Efforts to reach Cherney and his daughters have been unsuccessful.
Tab Rosenfeld, who is representing both Rina Chernaya and GPB today, declined to discuss GPB’s relationship with the Cherney family.
“I’m in the middle of litigation defending clients,” he said. “We prefer that the litigation gets addressed in court, not in the media.”
‘Rough necks’: an oligarch’s story
Michael Cherney, 67, was born to Jewish parents in Tashkent, the largest city in Uzbekistan. He was a boxer and basketball player whose first business had him running street lotteries with ping-pong balls in metal drums.
“Tashkent was a pretty wild place when I was a kid,” he told The Guardian for a profile in 2007. “It attracted rough necks from all over the Soviet Union, looking for jobs in construction after an earthquake. It was all about drinking and fighting.”
He made his early career on the Soviet Union’s black market, selling everything from watermelons to shoes made from factory scrap. But as the Soviet Union collapsed, he leapt into the void and made his fortune.
Cherney moved to Israel – he says under threats from Russia’s emerging gangster state – in 1994. He remains there to this day.
In the late 1990s, Russian media began publishing lurid reports of Cherney’s alleged criminality. He says it was a campaign by his rivals. “I have no criminal record anywhere, but suddenly articles were written claiming I was guilty of drug trafficking, kidnapping, money laundering, murder, you name it,” he told The Guardian.
Whatever the merits of the accusations against him, a Spanish judge found some of them credible enough to issue a warrant for his arrest, for money laundering, in 2009. Interpol followed with a warrant of its own the following year.
Oligarch v. oligarch
Cherney was also locked in litigation with some of his former cronies. He sued former protégé Oleg Deripaska – a man whose name has floated at the periphery of US President Donald Trump’s Russian scandals—for $6 billion in 2007.

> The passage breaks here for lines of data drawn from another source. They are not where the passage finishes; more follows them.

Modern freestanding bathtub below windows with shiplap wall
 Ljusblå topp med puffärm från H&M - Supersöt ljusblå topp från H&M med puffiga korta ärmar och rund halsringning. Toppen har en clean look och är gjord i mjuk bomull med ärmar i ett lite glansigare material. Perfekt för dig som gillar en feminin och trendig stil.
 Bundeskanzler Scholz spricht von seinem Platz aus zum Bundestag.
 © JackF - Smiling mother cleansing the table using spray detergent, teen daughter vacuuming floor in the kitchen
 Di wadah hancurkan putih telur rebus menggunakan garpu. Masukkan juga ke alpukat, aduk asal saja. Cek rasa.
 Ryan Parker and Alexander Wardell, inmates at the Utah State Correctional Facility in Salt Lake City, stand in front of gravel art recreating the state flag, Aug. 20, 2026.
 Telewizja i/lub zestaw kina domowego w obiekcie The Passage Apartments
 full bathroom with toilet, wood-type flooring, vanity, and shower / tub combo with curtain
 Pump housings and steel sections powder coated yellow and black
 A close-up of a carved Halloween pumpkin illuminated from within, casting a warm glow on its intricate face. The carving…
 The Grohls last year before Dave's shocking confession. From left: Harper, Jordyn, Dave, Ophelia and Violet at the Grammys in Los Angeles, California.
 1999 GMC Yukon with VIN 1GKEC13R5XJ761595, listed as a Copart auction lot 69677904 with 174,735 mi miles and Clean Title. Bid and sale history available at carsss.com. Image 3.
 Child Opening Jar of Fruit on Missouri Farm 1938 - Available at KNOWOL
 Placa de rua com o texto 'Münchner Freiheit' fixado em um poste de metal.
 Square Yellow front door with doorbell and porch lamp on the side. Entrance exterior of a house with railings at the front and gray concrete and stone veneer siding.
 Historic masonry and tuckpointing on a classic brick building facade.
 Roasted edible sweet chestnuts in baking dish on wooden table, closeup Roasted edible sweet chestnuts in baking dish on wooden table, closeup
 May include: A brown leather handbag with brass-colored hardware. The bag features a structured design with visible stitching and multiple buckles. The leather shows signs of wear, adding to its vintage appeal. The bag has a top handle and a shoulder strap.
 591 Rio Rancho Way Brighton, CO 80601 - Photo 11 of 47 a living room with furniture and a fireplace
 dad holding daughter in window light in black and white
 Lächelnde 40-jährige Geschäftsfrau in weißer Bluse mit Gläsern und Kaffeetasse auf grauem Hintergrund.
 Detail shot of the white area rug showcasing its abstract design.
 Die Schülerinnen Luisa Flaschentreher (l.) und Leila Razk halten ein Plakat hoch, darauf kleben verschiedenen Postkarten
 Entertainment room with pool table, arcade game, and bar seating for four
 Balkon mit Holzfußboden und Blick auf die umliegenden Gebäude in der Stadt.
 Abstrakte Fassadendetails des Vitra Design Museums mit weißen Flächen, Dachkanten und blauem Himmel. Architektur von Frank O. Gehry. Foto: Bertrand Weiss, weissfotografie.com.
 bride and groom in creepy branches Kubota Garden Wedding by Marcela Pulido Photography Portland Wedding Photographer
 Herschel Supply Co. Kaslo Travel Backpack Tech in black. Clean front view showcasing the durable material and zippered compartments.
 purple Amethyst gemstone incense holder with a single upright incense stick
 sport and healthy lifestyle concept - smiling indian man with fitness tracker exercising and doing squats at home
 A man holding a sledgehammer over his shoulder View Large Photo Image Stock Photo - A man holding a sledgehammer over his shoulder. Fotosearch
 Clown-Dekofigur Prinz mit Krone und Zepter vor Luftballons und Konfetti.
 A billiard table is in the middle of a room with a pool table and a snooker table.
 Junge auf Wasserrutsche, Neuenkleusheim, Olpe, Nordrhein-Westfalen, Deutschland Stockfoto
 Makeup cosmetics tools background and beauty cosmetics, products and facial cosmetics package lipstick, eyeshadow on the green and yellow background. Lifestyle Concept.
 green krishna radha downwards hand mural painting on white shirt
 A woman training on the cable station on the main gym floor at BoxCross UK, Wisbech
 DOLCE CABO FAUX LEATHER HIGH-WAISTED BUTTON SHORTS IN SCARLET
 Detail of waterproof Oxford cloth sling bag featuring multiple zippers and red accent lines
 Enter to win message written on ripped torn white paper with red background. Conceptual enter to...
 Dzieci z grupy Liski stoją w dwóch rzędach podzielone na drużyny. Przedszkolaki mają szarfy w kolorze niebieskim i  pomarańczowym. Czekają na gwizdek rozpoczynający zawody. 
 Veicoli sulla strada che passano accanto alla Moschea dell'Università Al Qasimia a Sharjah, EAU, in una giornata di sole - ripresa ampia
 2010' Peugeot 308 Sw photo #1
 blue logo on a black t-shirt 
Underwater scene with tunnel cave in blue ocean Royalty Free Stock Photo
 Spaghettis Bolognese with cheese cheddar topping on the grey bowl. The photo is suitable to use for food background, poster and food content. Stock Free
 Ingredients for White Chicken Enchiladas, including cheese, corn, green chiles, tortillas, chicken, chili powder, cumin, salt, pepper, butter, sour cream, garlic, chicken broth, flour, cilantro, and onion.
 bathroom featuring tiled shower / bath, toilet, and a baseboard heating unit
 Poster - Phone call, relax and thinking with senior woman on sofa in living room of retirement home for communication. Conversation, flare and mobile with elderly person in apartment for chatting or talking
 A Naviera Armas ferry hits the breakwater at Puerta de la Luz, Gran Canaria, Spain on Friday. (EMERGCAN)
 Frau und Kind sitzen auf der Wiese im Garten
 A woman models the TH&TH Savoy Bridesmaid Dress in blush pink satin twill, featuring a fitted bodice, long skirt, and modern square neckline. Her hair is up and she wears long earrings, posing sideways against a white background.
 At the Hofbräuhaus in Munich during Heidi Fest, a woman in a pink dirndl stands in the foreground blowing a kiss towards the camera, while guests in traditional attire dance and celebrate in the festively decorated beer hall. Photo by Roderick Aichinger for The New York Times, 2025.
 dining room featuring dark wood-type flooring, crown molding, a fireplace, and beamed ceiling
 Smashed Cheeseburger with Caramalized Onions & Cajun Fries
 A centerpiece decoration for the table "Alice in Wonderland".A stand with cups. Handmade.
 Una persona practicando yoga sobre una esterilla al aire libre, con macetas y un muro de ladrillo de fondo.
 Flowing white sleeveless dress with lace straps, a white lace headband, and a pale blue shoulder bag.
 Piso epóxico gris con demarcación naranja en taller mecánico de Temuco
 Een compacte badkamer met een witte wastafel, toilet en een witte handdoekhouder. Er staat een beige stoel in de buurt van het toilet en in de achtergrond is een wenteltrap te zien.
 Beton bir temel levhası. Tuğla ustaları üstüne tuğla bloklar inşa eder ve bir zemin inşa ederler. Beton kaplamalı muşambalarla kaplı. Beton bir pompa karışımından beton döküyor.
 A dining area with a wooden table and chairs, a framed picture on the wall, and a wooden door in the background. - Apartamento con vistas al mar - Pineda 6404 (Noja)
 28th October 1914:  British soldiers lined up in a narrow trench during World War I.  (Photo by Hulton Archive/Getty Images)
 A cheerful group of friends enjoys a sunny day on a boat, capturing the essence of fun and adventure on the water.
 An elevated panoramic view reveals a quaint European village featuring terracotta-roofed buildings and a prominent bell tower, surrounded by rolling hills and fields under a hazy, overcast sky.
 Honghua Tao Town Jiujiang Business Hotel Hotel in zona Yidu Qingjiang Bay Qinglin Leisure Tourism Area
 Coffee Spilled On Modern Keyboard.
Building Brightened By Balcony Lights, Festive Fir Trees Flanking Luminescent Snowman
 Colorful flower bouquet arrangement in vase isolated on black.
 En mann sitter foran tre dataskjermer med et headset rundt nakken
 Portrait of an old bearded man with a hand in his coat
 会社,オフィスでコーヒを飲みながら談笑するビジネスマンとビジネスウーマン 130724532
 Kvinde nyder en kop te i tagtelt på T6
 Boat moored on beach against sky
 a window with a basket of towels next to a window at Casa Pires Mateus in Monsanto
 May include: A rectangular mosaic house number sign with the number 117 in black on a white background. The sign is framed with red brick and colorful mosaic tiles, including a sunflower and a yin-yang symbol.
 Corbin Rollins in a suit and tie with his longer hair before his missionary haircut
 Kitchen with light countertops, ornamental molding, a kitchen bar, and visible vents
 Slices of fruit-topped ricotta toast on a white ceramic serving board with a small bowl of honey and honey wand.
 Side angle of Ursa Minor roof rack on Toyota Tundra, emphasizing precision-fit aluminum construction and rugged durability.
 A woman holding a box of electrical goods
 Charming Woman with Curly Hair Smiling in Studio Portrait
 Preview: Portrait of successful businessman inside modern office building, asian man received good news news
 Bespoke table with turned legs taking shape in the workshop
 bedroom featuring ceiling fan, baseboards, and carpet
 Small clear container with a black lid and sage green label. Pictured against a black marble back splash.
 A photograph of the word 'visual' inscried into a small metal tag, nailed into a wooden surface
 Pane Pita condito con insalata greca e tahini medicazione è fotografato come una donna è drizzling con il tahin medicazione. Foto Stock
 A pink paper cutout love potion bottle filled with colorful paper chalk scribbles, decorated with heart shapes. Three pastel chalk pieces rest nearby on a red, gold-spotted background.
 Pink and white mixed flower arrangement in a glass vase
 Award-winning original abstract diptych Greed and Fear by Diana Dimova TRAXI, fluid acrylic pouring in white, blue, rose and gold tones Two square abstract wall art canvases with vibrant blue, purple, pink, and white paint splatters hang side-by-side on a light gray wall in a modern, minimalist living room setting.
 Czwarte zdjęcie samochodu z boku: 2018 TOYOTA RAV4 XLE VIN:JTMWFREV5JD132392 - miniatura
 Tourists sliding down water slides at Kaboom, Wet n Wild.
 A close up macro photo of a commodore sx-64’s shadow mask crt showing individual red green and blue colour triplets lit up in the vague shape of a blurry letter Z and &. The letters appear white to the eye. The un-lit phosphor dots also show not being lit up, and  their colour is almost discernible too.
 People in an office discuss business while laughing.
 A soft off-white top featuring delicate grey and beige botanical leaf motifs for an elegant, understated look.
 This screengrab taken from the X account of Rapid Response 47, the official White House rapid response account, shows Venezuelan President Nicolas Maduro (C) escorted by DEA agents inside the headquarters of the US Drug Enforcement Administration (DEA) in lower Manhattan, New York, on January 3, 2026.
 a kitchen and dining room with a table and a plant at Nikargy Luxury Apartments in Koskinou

Another rival, Alexander Gliklad, sued Cherney in 2009, alleging that Cherney had bilked him out of his share of the aluminum fortune. The case took six years to litigate before Cherney was ordered to pay more than $505 million.
In the course of that lawsuit, Gliklad also sued Rina and Diana Cherneya, alleging that Cherney was hiding money in the form of loans, gifts and several of their front companies. One of those companies, McAnna LP, is listed as a co-owner of DJD Holdings, according to the letters in the Lash-Volkswagen case.
A New York state court judge awarded Gliklad summary judgment in his case, and the New York Supreme Court rejected the Cherney family’s appeal. Cherney would be held in civil contempt for failing to comply with post-judgment subpoenas and threatened with jail if he ever set foot in New York.